## Given data
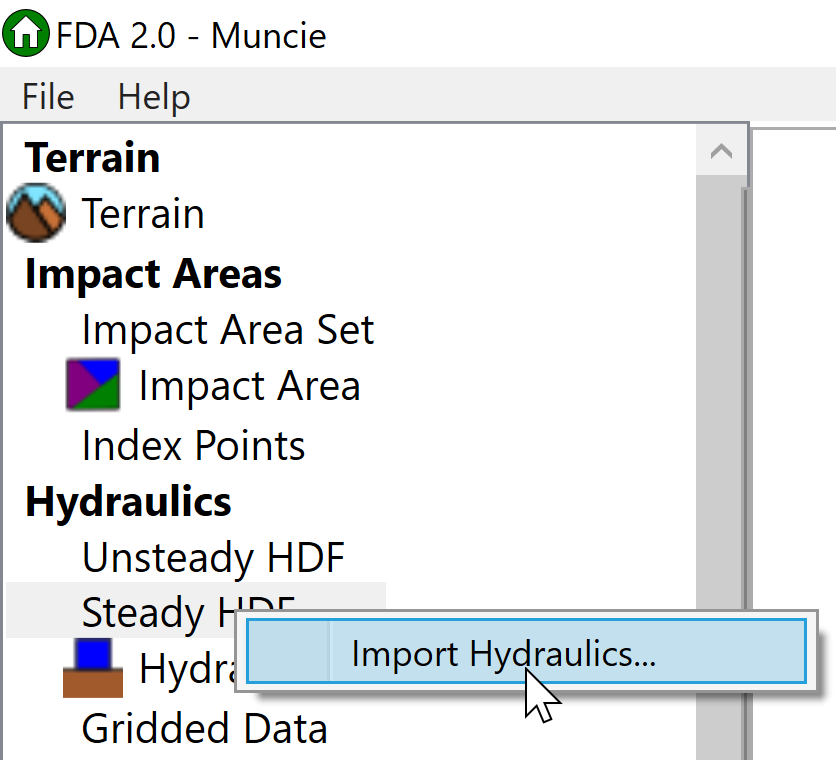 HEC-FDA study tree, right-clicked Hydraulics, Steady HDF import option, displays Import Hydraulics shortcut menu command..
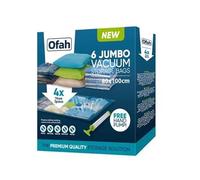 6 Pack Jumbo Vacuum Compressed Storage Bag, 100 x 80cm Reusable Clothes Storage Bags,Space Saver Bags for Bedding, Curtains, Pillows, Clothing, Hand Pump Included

---

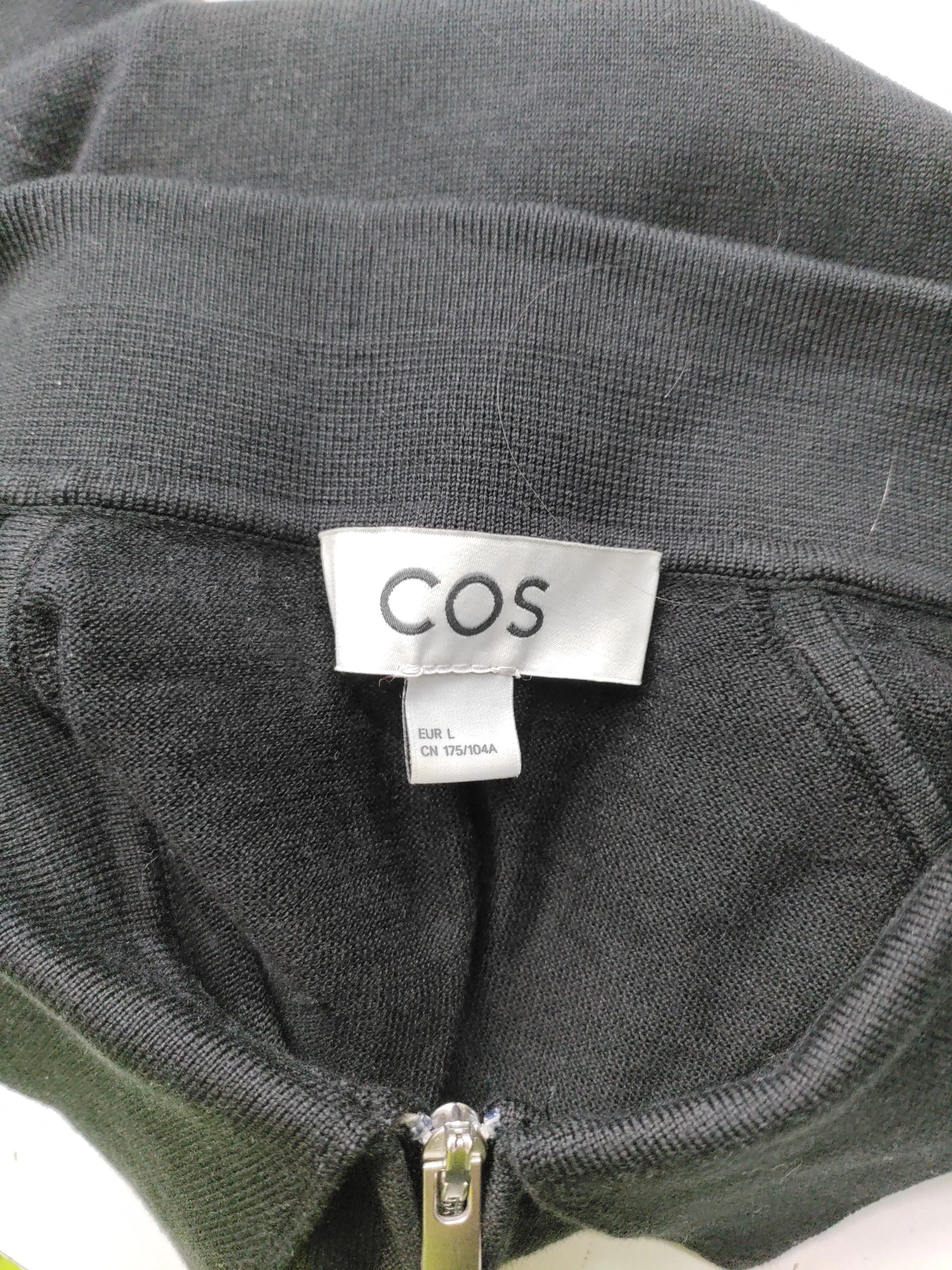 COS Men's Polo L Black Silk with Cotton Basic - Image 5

## Exercise objective
Give exactly the lines above that run from the line with "HEC-FDA study tree, right-clicked" to the line with "6 Pack Jumbo", both included, leaving every picture out.

## Your solution
 HEC-FDA study tree, right-clicked Hydraulics, Steady HDF import option, displays Import Hydraulics shortcut menu command..
 6 Pack Jumbo Vacuum Compressed Storage Bag, 100 x 80cm Reusable Clothes Storage Bags,Space Saver Bags for Bedding, Curtains, Pillows, Clothing, Hand Pump Included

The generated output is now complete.